-- Exercise details --
Retype word for word the stretch of entries below from the line that has "Puerto Aventuras: Amazing" through the line that has "1-80_Karl-Blossfeldt_canvas", and omit the pictures.

(Caption-style text data)
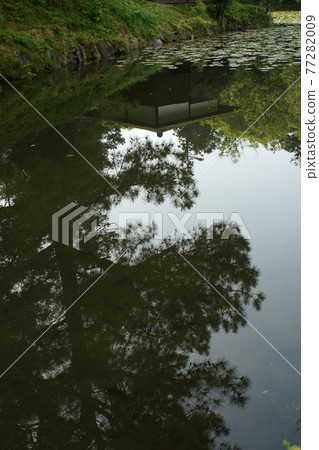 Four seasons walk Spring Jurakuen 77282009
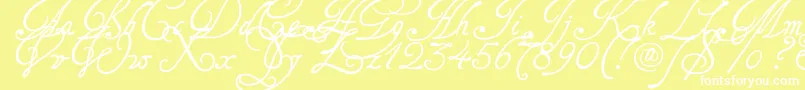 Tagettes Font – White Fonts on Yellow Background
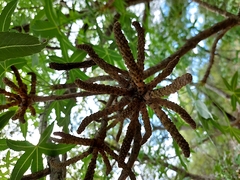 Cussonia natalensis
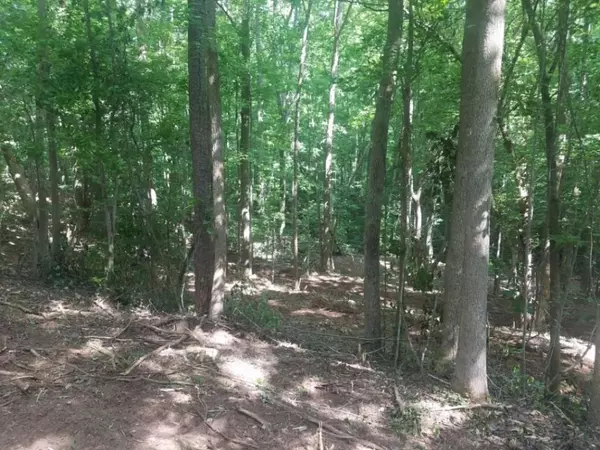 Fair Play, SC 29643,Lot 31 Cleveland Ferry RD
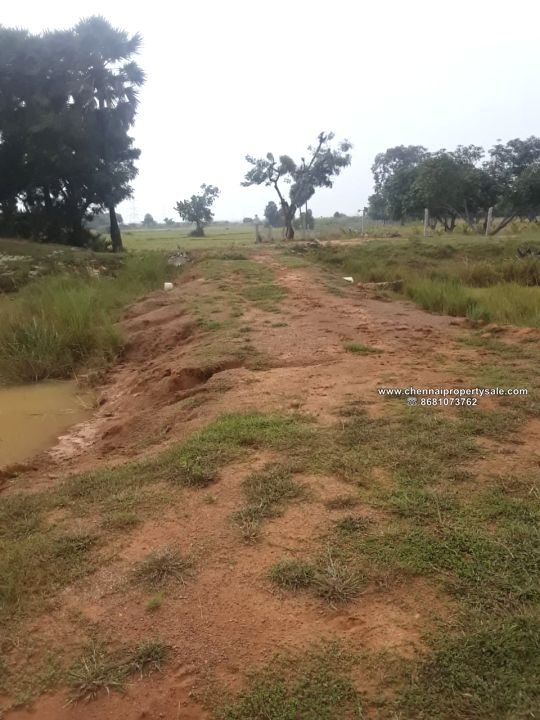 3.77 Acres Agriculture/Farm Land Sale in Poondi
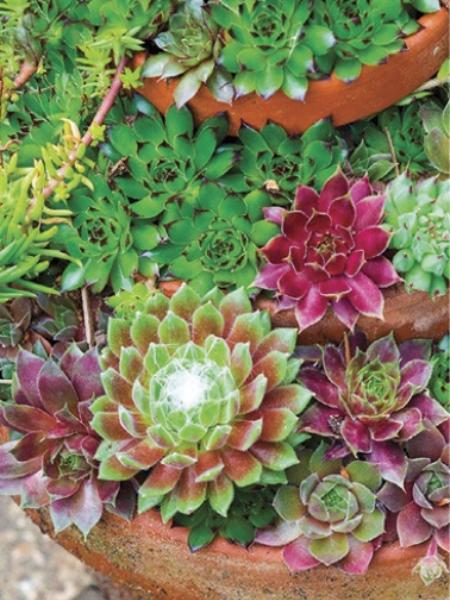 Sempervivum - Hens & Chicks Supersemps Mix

==

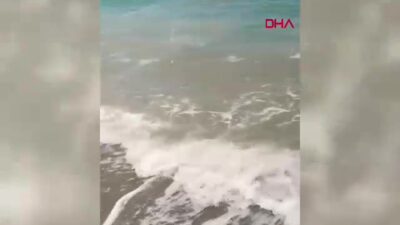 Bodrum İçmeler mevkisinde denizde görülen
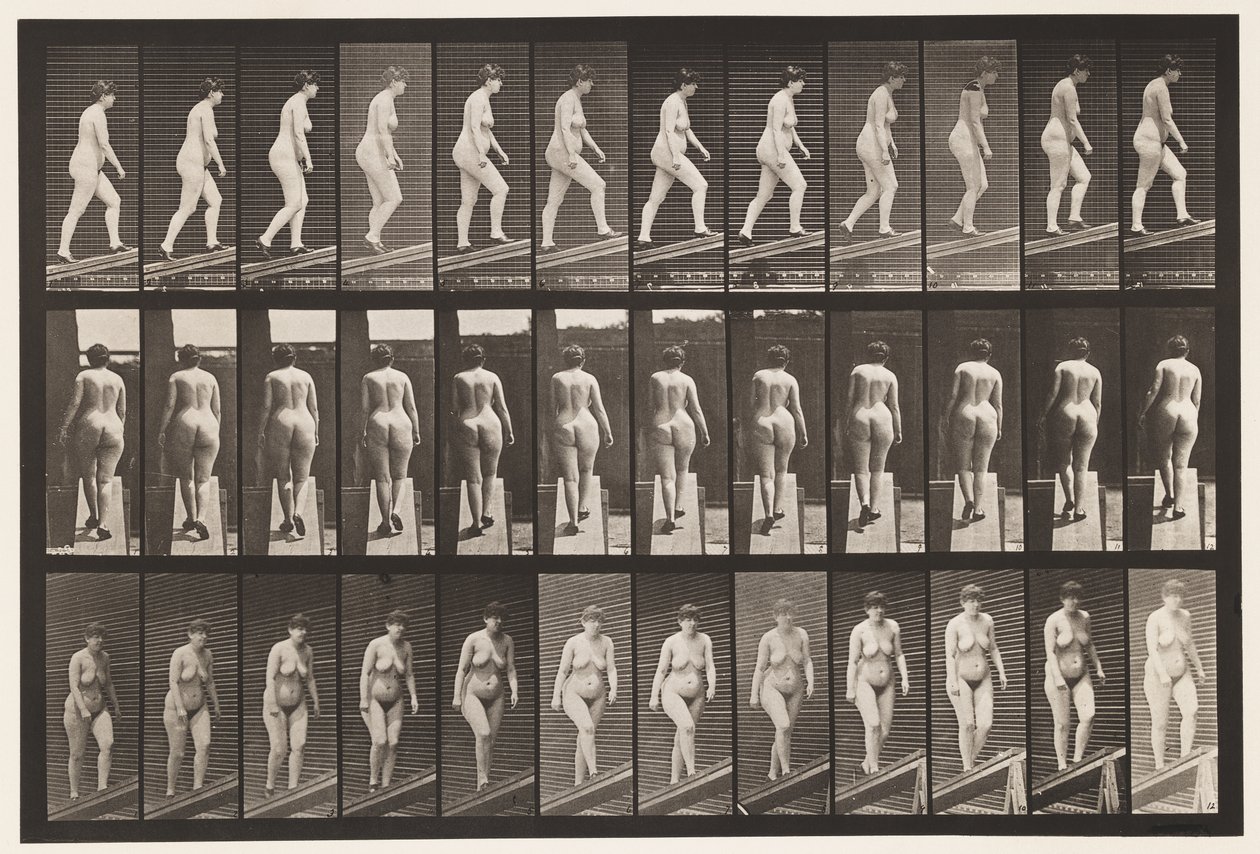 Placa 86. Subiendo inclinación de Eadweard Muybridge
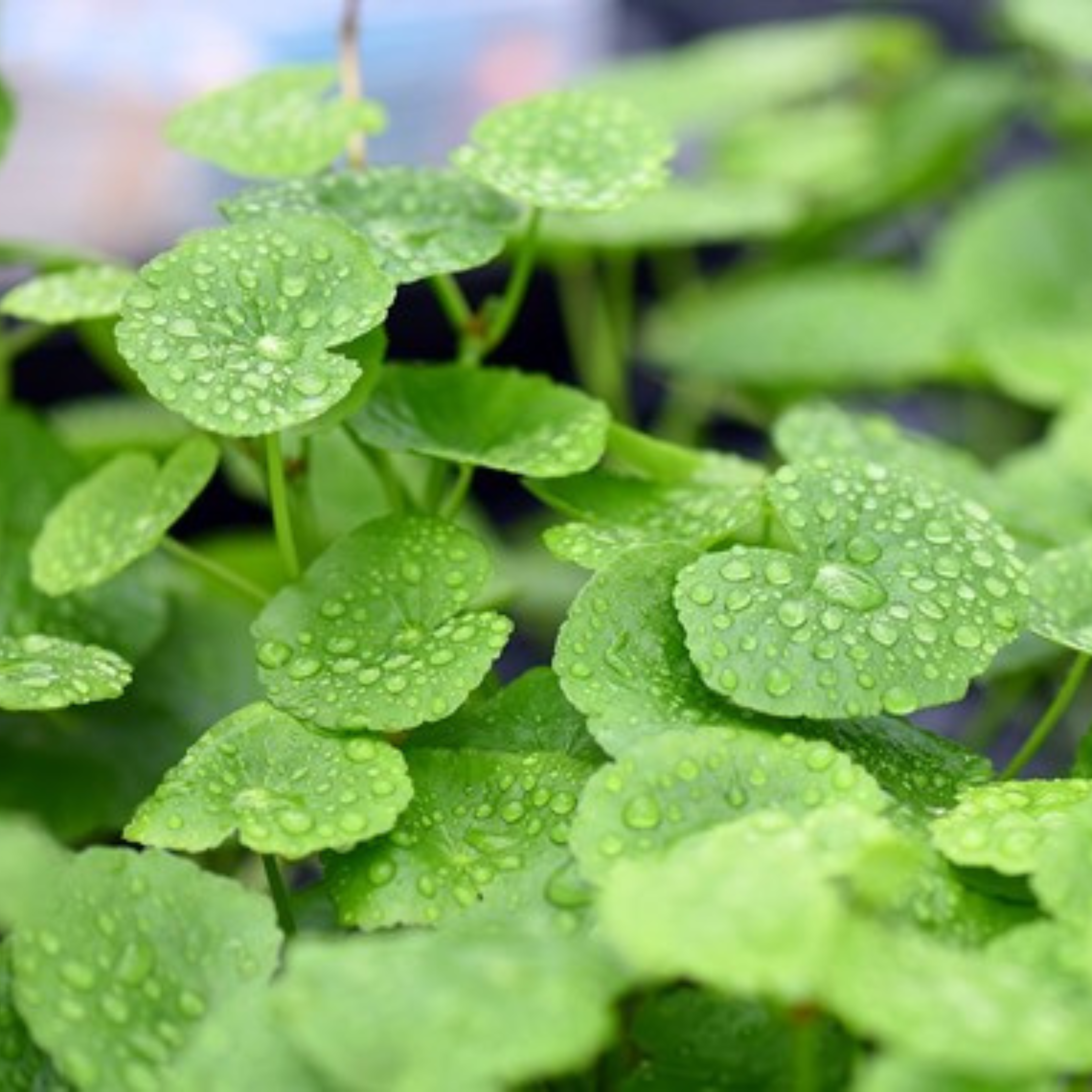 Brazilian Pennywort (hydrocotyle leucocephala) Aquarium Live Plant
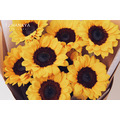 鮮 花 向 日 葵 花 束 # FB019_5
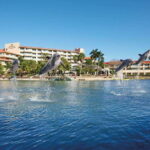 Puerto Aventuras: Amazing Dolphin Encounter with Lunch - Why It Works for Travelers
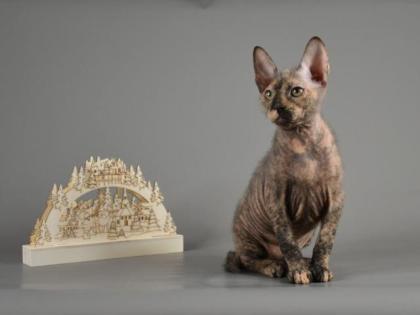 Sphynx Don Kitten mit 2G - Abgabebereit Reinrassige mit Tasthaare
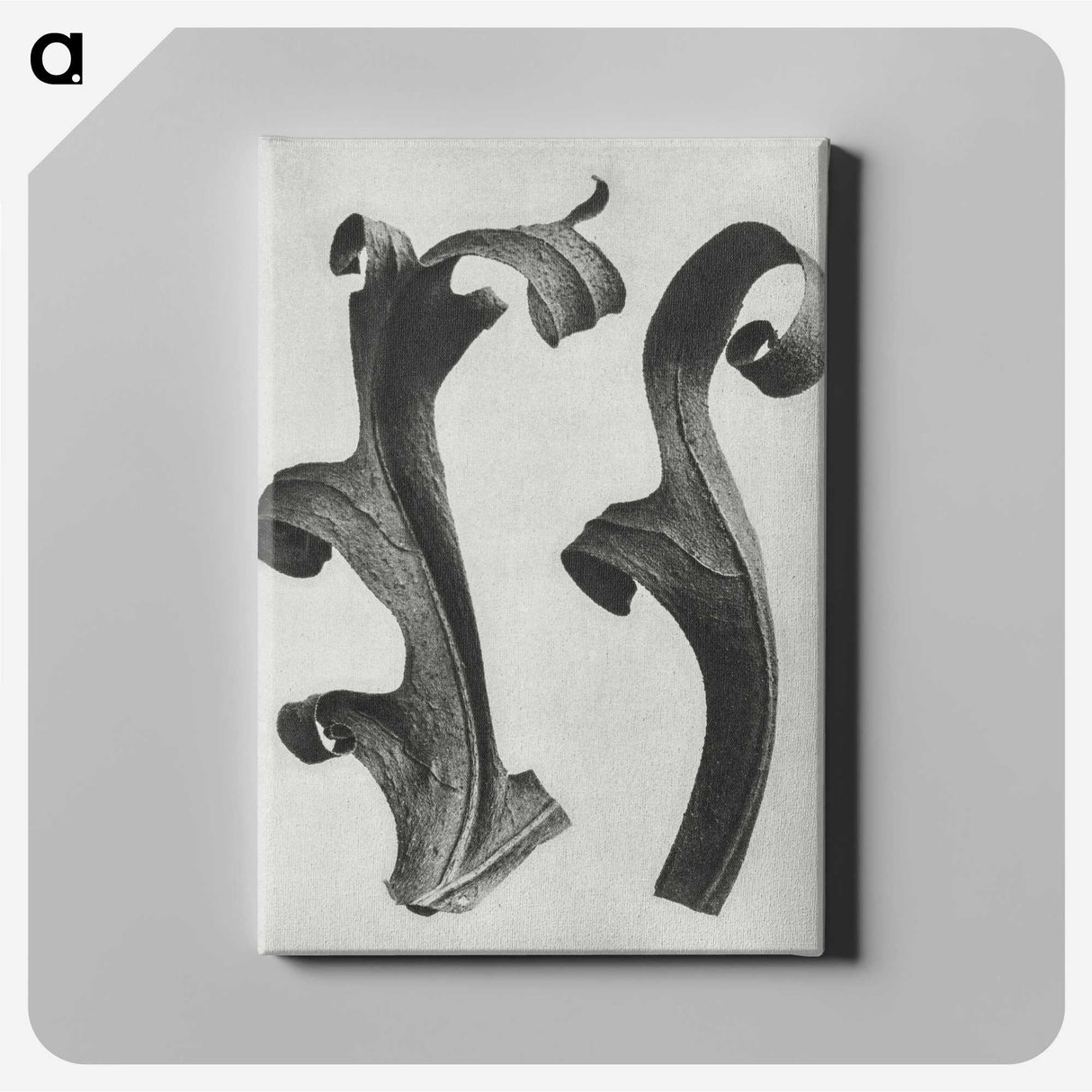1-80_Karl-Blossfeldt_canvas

-- Solved exercise --
 Puerto Aventuras: Amazing Dolphin Encounter with Lunch - Why It Works for Travelers
 Sphynx Don Kitten mit 2G - Abgabebereit Reinrassige mit Tasthaare
1-80_Karl-Blossfeldt_canvas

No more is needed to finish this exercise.